Businessman Ioan Niculae gave an interview to evz.ro on Monday and said that the capping of gas prices is a chance for the Romanian chemical industry, which has been largely closed down until now.
Niculae said that he agrees for the law to require him to deliver internally to Romanian farmers all the fertilizers produced using local gas.
“The chemical fertilizer factories I own are now in insolvency, but they’ve been very well preserved and two of them were temporarily restarted during the period when we had methane gas (it’s important to mention that 90 percent of this gas was imported as Romanian producers did not provide it),” Niculae said in the interview.
“Insolvency was and is the legal form used to protect these assets, which would have otherwise been turned into scrap metal and the Romanian chemical industry, at least in terms of equipments, would have been history. In terms of control, of course, with the help of the legal administrators (…), we’ve managed to keep them intact and ready to be reopened,” he added.

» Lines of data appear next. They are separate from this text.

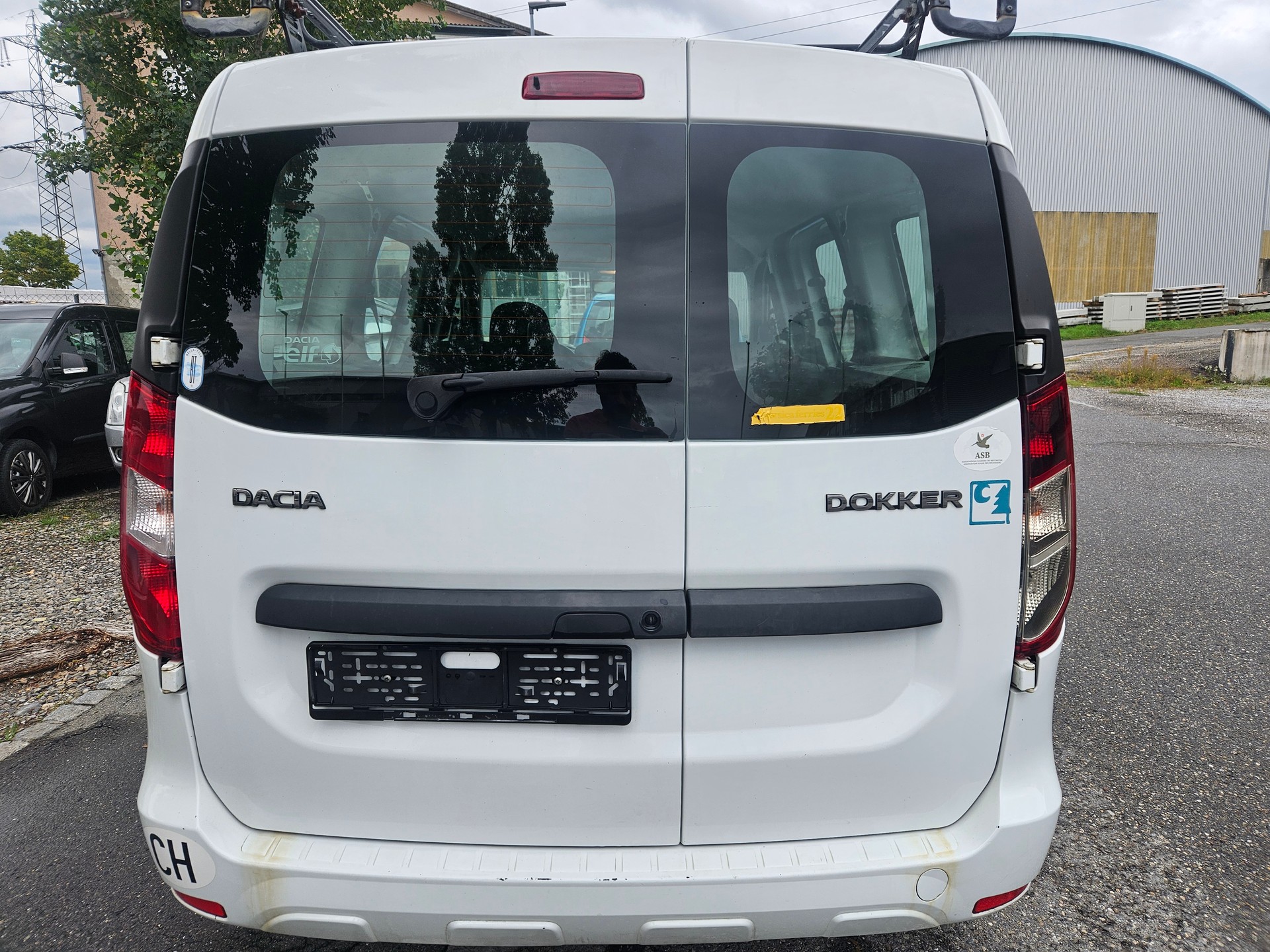 DACIA Dokker 1.2 T Ambiance-image-0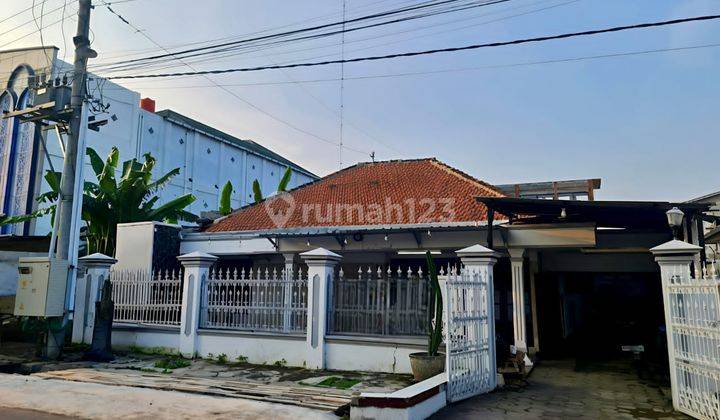 Rumah Besar Dan Luas Cocok Untuk Usaha 1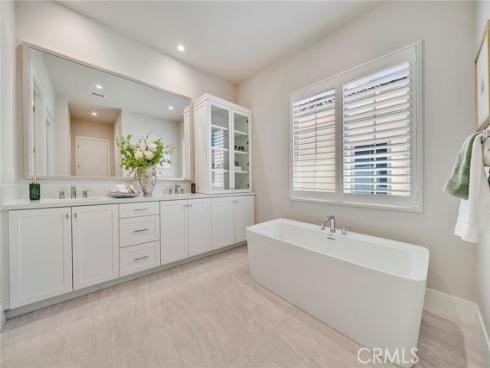 207 Pinnacle , Irvine, CA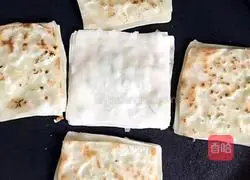 Illustration of how to make chive pancake 3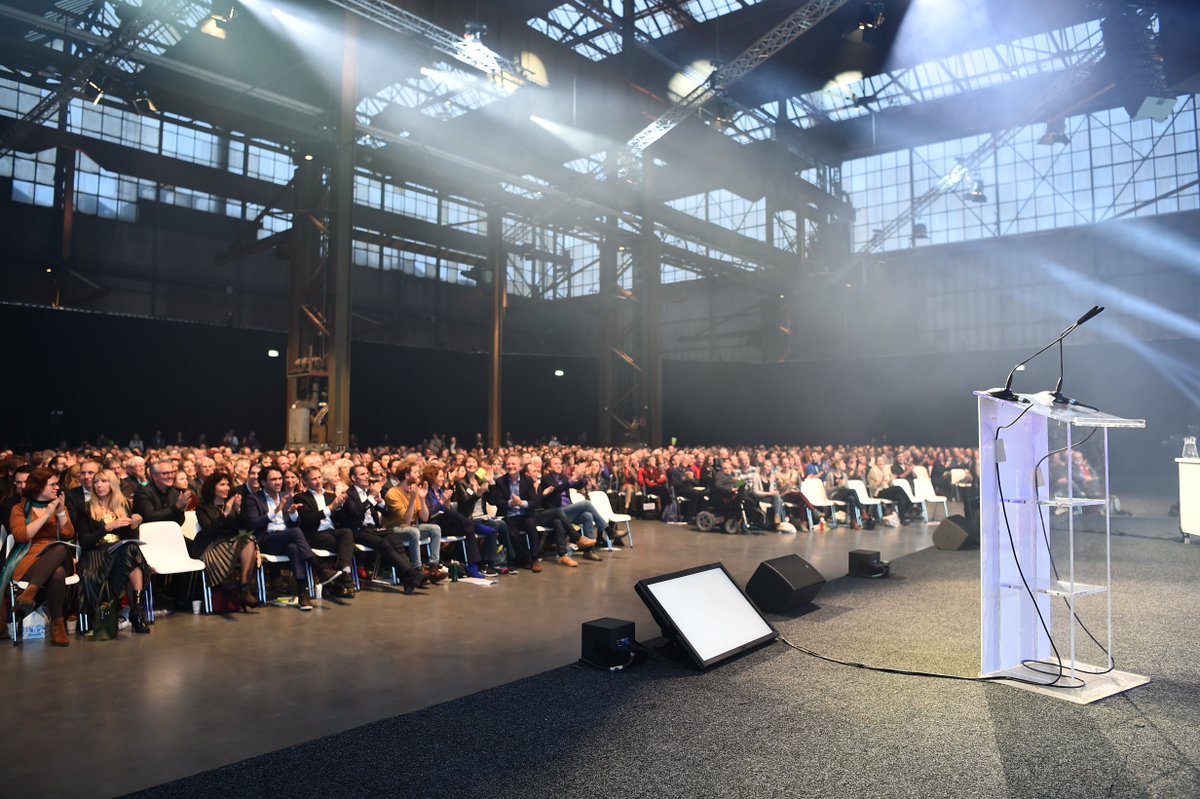 Nu live! Ga naar fb.com/groenlinks en praat mee over de speeches van Femke en Jesse. #stemvoorverandering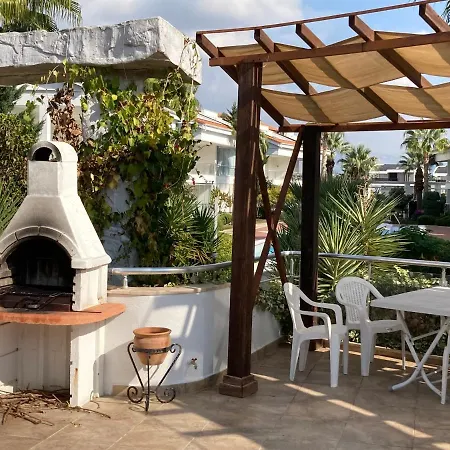 Luxury In Award Winning Private, Small Community Location 아파트 *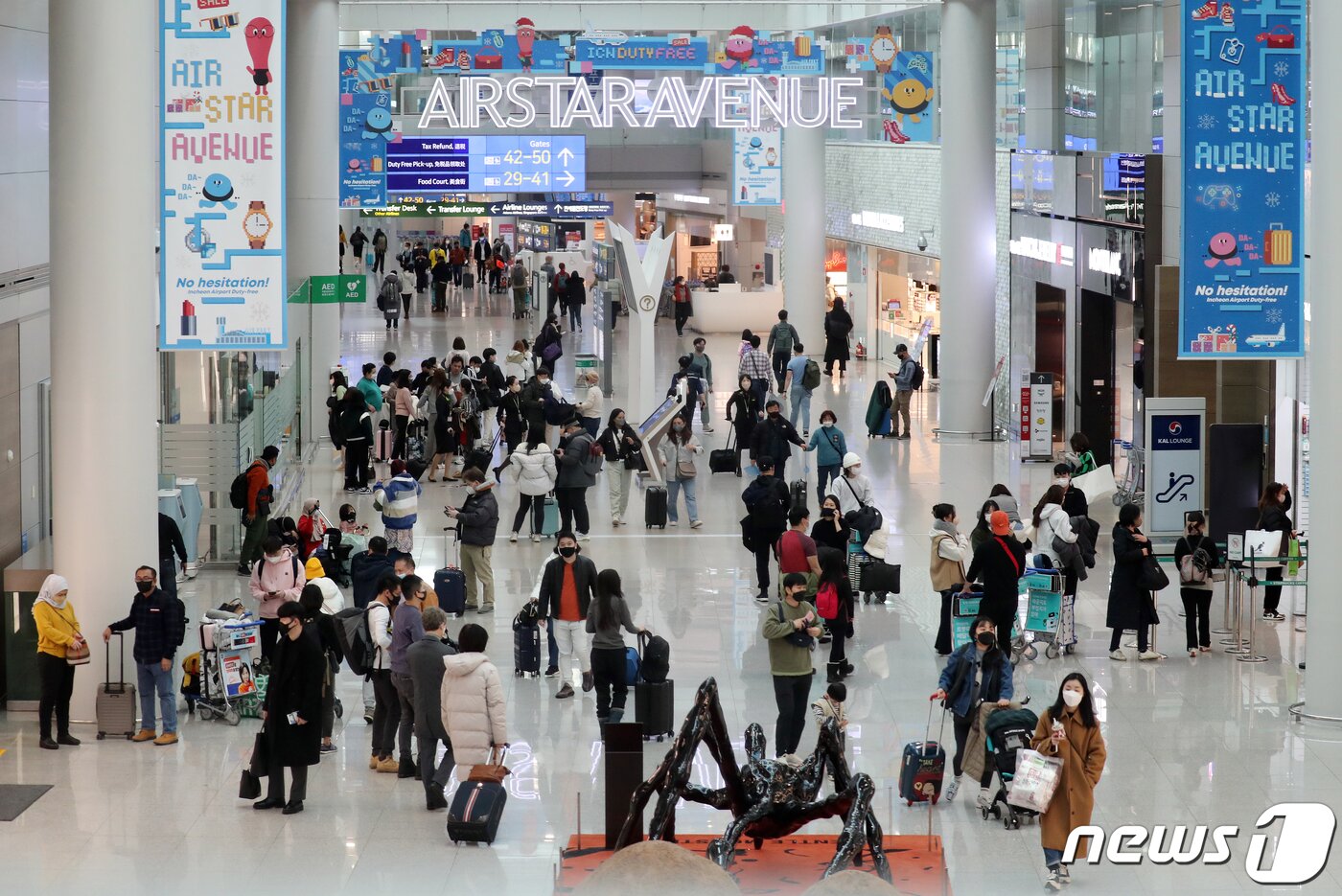 본문 이미지 - 1일 오전 인천국제공항 면세점이 계묘년 새해를 맞아 출국하는 여행객들로 붐비고 있다. 2023.1.1/뉴스1 ⓒ News1 김진환 기자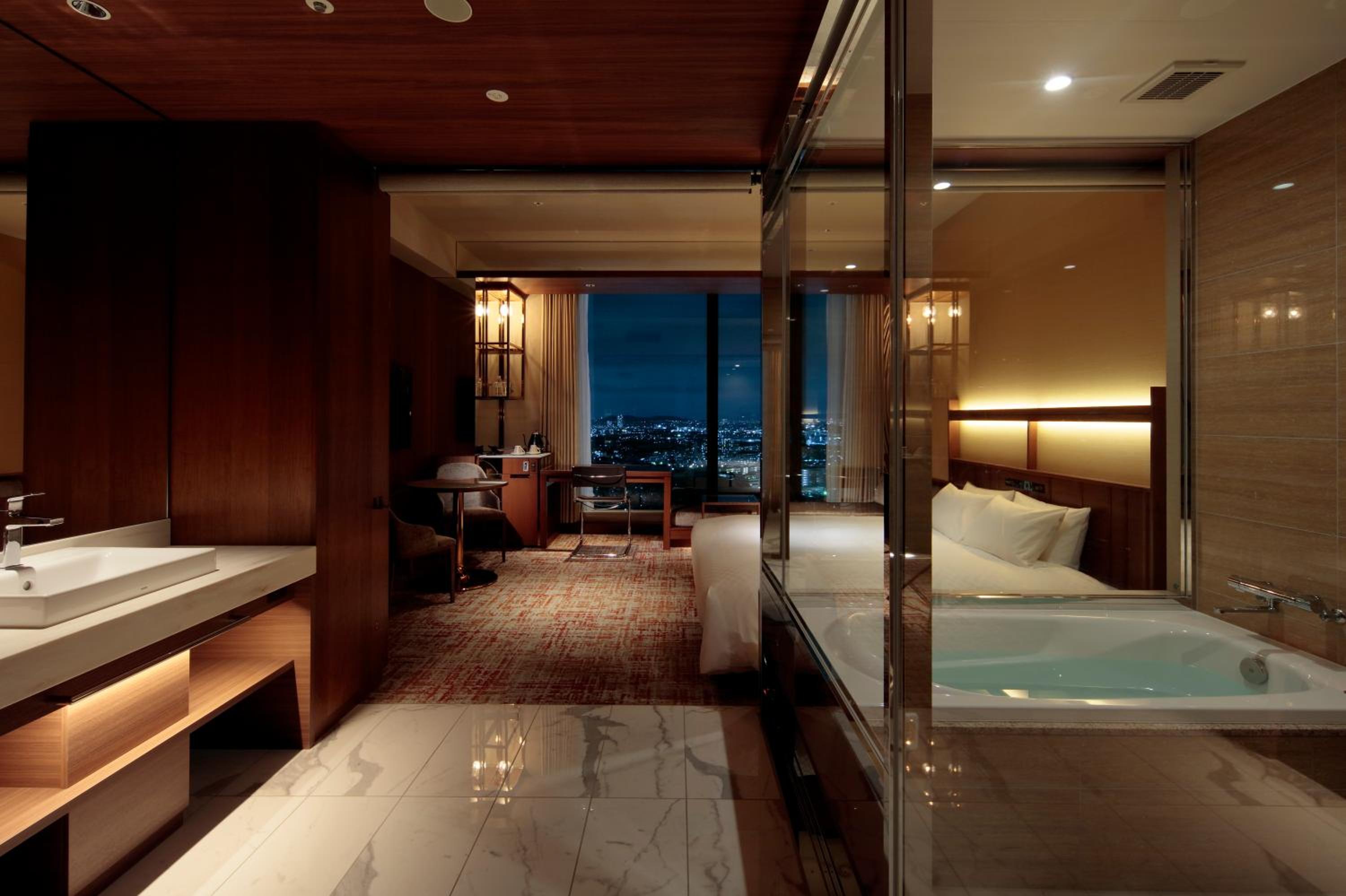 Premium King Room - Disability Access - Non-Smoking - Photo 4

Asked why he had stated that he would reopen all his factories if the gas price is capped at RON 69/MWh, Niculae said that OUG 114/2018 was one of the best laws passed after 1989 and that it would help relaunch what is left of the Romanian industry, especially the part affected after 2013 with liberalization of methane gas, which meant the issuing of a law that increased the price of methane gas by 100 percent over a year.
“This price of RON 68/MWh being applied correctly means that after the population’s needs are covered, final consumers purchase gas for their production needs without the right to resell – here I’m talking about the final consumers for whom the share of methane gas in production is significant, above 30-40 percent,” Niculae explained. “From this point of view of cost, all the plants can be reopened. If they send us to imports we won’t be able to reopen anything or we’ll reopen two plants at best and the other four would disappear, as the insolvency law is good, but has a time limit. In the positive case where the Romanian Parliament understands the needs of the Romanian industry and correctly applies the provisions of OUG 114, the six plants and Bio Fuel Energy (…) could reach a turnover of over USD 800 million, and next year they could exceed USD 1 billion. All this money comes as a contribution to Romania’s current account balance.”